What to produce → Your reply should contain nothing except the lines from the one with "Alpenstern דירה רוהפולדינג" through the end of the listing below, reproduced exactly and stripped of pictures.

START Records for processing

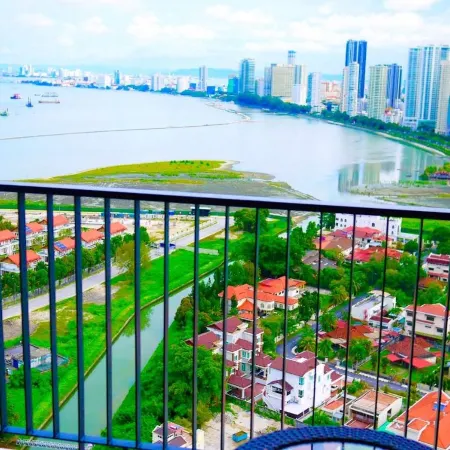 The Landmark by XW HOME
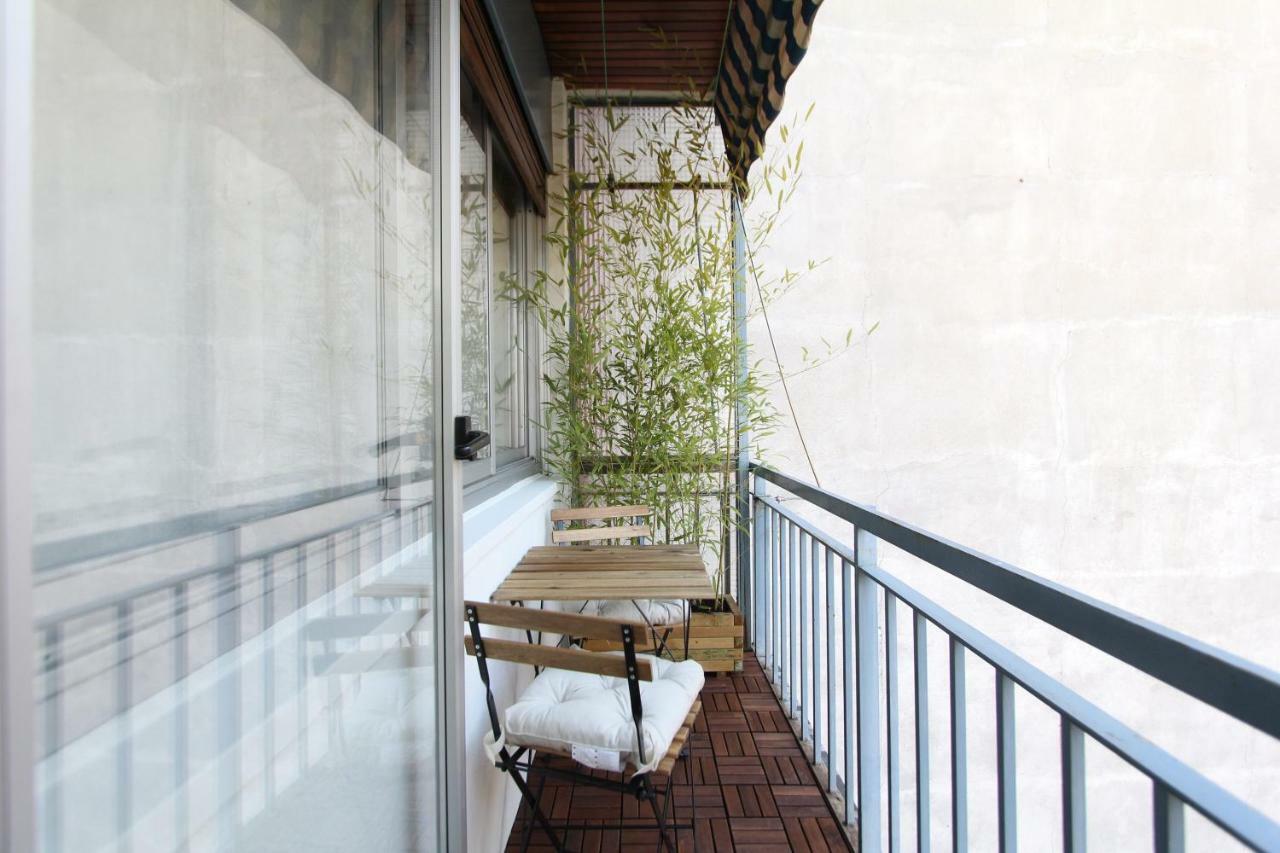 Apartamento Cosy Prado Museum Madrid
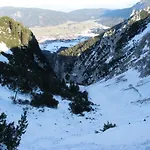 Alpenstern דירה רוהפולדינג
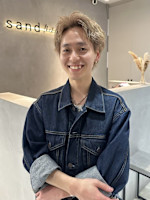 うちだ しょうた(ウチダ ショウタ)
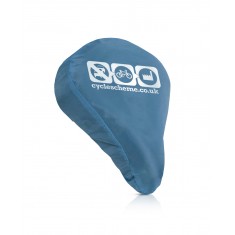 Bespoke RPET Bike Seat Cover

END Records for processing

Output of the task →
 Alpenstern דירה רוהפולדינג
 うちだ しょうた(ウチダ ショウタ)
 Bespoke RPET Bike Seat Cover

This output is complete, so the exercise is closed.